The recent drop in the oil price to under $100 a barrel –
after having been above $120 for some time – is welcomed, but players reckon
other economic factors could offset the decline.
Tony Tyler, chief executive of the International Air Traffic
Association, said at the association’s annual general meeting last week
that the lower oil price, stronger than expected passenger traffic and the fact
that cargo traffic had reached a turnaround point, were all positive for the
industry’s profit outlook.
But he warned that the European debt crisis stands squarely
in the path of economic growth, keeping the profit outlook for the year at
$3bn, amounting to a net profit of only 0.5%.
The picture in southern Africa also looks rather gloomy,
although the industry “is optimistic about a recovery”.
Chris Zweigenthal, chief executive of the Airlines
Association of Southern Africa, said that while the rand was trading
between R7.50 and R8.00 to the dollar the industry, which pays for its fuel in
rands, enjoyed a slight advantage because of the lower oil price, but the rand
has since weakened.
At around R8.30 the benefit of a lower oil prices becomes
diluted and airlines effectively pay more or less the same for fuel as they
paid when the oil price was higher.
Zweigenthal said the oil price is expected to rise closer to
$110 a barrel again.
Frank van der Post, managing director for brand and customer
experience at British Airways, which is operated locally by Comair, said the
oil price plays a significant role in the group’s costs and it would definitely
help for the oil price to remain under $100 a barrel.
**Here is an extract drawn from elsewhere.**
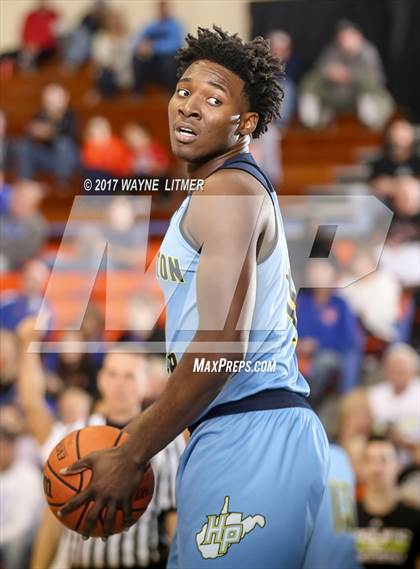 Thumbnail 1 in Prolific Prep vs. Huntington Prep (Marshall County Hoopfest) photogallery.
As a result of weaker economic growth, which drives down the
oil price, the lowering of turnover could considerably exceed any savings in
fuel costs, he believes.
That’s a situation in which it would be rather difficult to
rejoice about a lower oil price, he said.
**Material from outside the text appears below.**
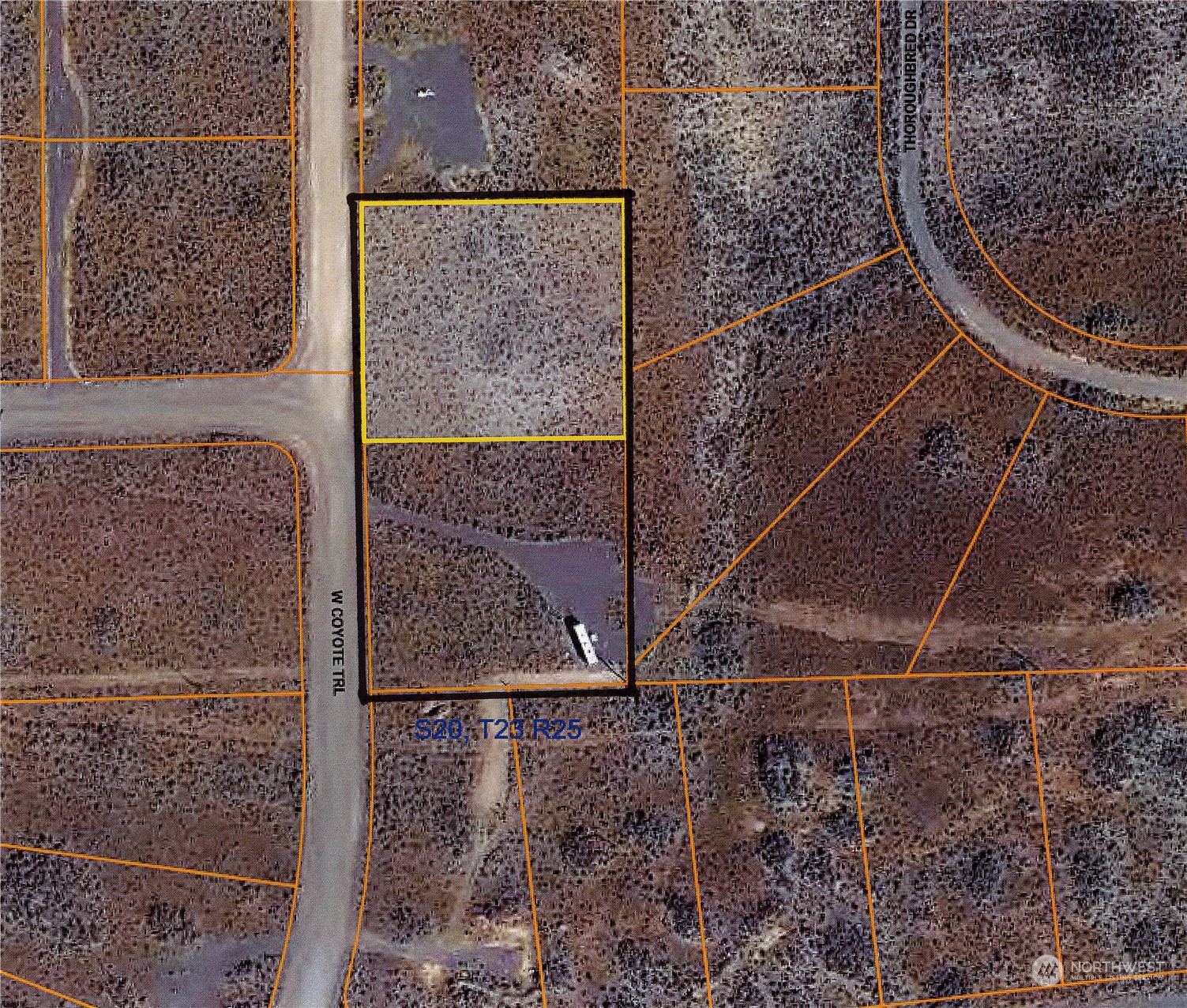 4549 W Coyote Trail , Ephrata, WA 98823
James Rigney, chief financial officer at Etihad Airways,
said the group last year spent more than $1bn on fuel – almost 40% of its
costs, against a mere 14% 10 years ago.
“Every small change in the oil price is thus meaningful for
us and a decline brings welcome relief,” he said.
But he agreed that the European debt crisis and the
resultant weaker passenger traffic and smaller demand for freight traffic
largely wipes out the benefit the industry enjoys from a lower oil price.
But hope is not lost.
Zweigenthal is optimistic about growth prospects, although the recovery will take longer than the industry would wish.
He reckons
airlines will not soon experience the growth they saw in the mid-2000s, and
subdued growth in passenger levels is in store for the industry.
Consumers are
taking care and keeping their eyes open for the best offers, which puts prices
under pressure.
One might hope to see an improvement next year, he said.
Low-cost airline Velvet Sky had to suspend operations a
while ago, and Zweigenthal said he hopes there will be no further casualties.
He does not necessarily expect any mergers in the industry,
but believes airlines will look for ways to help them recapitalise in future.
Difficult trading conditions will remain the order of the
day and shareholders may have to offer assistance.